In anticipating future challenges while maintaining a leadership position in the era of connected vehicles, Toyota collaborating with the University of Massachusetts to help make driving safer, more fuel efficient, and more environment-friendly in this interconnected context. Toyota is interested in exploring Professor Ni’s pioneering research on “Field Theory in Transportation” so that it may understand how his work may  help predict drivers’ responses in a dynamic way within the mix of road traffic, especially in a connected vehicle setting.

As principal investigator on this project, Ni says that his preliminary work on the Field Theory in Transportation is ideal for this project because it is mathematically amenable to representing the natural way of human thinking and reasoning and readily incorporates the modeling of connected vehicle effects.

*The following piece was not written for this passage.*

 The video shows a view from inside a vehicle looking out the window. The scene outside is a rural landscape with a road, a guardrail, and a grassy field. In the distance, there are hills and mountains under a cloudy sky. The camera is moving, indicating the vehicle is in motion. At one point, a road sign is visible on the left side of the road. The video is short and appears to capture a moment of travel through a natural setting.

Basically, in this field theory, physical world objects (e.g. roadways, vehicles, and traffic control devices) are perceived by the subject driver as component fields.

“The driver interacts with an object ‘at a distance,’ as opposed to ‘by contacting,’” explains Ni, “and the interaction is mediated by the field associated with the object. In addition, the field may vary when perceived by different drivers, especially those who are assisted by connected vehicle technology. The superposition of these component fields represents the overall hazard encountered by the subject driver. Hence, the driver’s operational control can be captured as seeking the least hazardous route by navigating his or her vehicle through the overall field.”

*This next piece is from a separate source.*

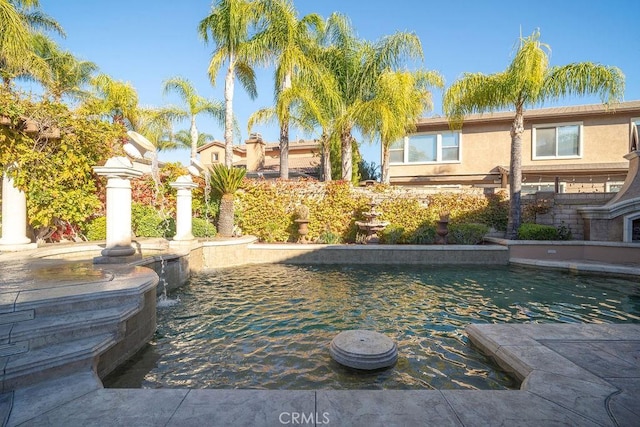 view of swimming pool with pool water feature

Ni explained this research in an article titled “A Unified Perspective on Traffic Flow Theory, Part I: The Field Theory,” in the journal of Applied Mathematical Sciences, vol. 7, no. 39, pp. 1929-1946, 2013.

Ni will take a field theory approach to address an aspect of Toyota’s NEXTCAR project, which seeks to improve fuel economy in anticipation of the era of connected vehicles. Ni’s projects seeks to develop a driver model to predict demands by building on his prior research on driver modeling and microscopic traffic simulation especially his preliminary research on field theory of traffic flow.

“More specifically,” says Ni, “I will investigate the mechanism of drivers’ operational control, based on which to capture such a mechanism using the field theory. With the resultant model, prediction can be made on drivers’ demand/pedal actuation given a set of external conditions, such as the presence of surrounding vehicles, roadway conditions, and traffic control devices.”

Specifications for the driver model will be based on information from the operator’s driving environment, including his or her own vehicle, surrounding vehicles, roadways, traffic control devices, and other transportation facilities via onboard sensors and connected vehicle technology. The proposed driver model should be able to predict appropriate next control strategies such as speed and acceleration in order to maintain safety and mobility in the traffic stream.

The proposed driver model is also expected to mimic real drivers’ control behavior by means of processing external inputs and determining output for vehicle control.

Ni’s research is expected to cast prediction in a short horizon of 0-to-10 seconds of reaction time under certain assumptions on how the driving environment may evolve. With forecasted future conditions, the proposed driver model should be able to predict anticipated control strategies.

The proposed driver model should allow user customization to fit the specifics of a particular driver. Meanwhile, the model should also perform online learning to adapt to a specific driver’s control behavior and parameterize the model when needed. This model is expected to undergo empirical validation by using field data collected from the real world. In model validation, the proposed model will be implemented via computer, by which computer simulation will be performed to examine how simulated driver responses approximate those of real drivers.